# Bite tippet for Snook



## Mike1974 (Feb 22, 2013)

A question for you Florida guys. What size bite tippet do y'all use when targeting snook? Fishing redfish I use 20# flourocarbon and that is plenty plenty. When using convention tackle on past trips to the Chokoloskee area we used 20# and 30# shock leaders tied to braid but I wasn't able to get the flyrod out due to the other guy on the boat was just not as into flyfishing. I am planning a trip soon and want to be prepared. Also planning on fishing South.Padre more this.summer when I finish my skiff.


----------



## gfish (Jan 14, 2009)

20# is usually enough.


----------



## Mike1974 (Feb 22, 2013)

Hmmm...  I was figuring more due to how rough those guy's mouth are.  But that is good.


----------



## FlyFisherK (Jan 27, 2012)

I fish Chokoloskee a lot since I go to college in Fort Myers. I normally throw either 20 or 25 for a tippet. The water is really dirty so you can get away with a little bit heavier tippet.
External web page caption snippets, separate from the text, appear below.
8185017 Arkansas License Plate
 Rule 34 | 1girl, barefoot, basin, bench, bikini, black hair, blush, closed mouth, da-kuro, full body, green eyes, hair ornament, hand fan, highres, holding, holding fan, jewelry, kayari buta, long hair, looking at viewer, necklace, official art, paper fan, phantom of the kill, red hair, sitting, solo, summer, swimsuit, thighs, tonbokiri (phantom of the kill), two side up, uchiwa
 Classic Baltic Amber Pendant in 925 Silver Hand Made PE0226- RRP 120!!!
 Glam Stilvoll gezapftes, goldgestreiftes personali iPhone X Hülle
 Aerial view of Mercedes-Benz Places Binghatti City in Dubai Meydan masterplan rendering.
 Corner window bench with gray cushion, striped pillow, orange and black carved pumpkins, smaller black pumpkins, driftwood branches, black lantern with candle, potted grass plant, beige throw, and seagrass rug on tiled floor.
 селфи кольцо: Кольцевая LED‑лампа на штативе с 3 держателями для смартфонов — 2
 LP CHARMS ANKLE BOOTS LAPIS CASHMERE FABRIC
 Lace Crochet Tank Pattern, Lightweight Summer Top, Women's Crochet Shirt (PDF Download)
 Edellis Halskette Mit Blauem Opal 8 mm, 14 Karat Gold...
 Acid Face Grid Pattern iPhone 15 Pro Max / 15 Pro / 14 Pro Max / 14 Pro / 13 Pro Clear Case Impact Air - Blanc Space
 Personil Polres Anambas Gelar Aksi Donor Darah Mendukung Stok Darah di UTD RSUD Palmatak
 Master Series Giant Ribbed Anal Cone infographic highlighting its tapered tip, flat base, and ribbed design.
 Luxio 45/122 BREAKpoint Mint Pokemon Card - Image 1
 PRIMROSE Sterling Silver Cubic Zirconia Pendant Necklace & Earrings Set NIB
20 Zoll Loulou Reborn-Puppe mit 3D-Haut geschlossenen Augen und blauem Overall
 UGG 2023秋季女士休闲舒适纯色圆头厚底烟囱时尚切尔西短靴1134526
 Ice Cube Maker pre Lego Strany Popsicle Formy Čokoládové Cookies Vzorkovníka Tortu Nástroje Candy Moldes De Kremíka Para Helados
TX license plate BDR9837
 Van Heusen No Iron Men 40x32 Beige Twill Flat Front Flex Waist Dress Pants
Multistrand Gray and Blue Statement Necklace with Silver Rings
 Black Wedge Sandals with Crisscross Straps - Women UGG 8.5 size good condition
Good luck down in Choko!!


----------



## FredGrunwald (Sep 24, 2012)

I usually don't use anything less than 40# leader with snook but thats mainly cause I fish the docks


----------



## hostage1985 (Feb 27, 2011)

I've fished for them a lot. I use 25# and 30#: I start with about a 16" length and don't let it get less than 10'. It"s the shoulder and cheek scales that make the bite tippet necessary. If I'm concentrating around docks I will use 35.


----------



## Mike1974 (Feb 22, 2013)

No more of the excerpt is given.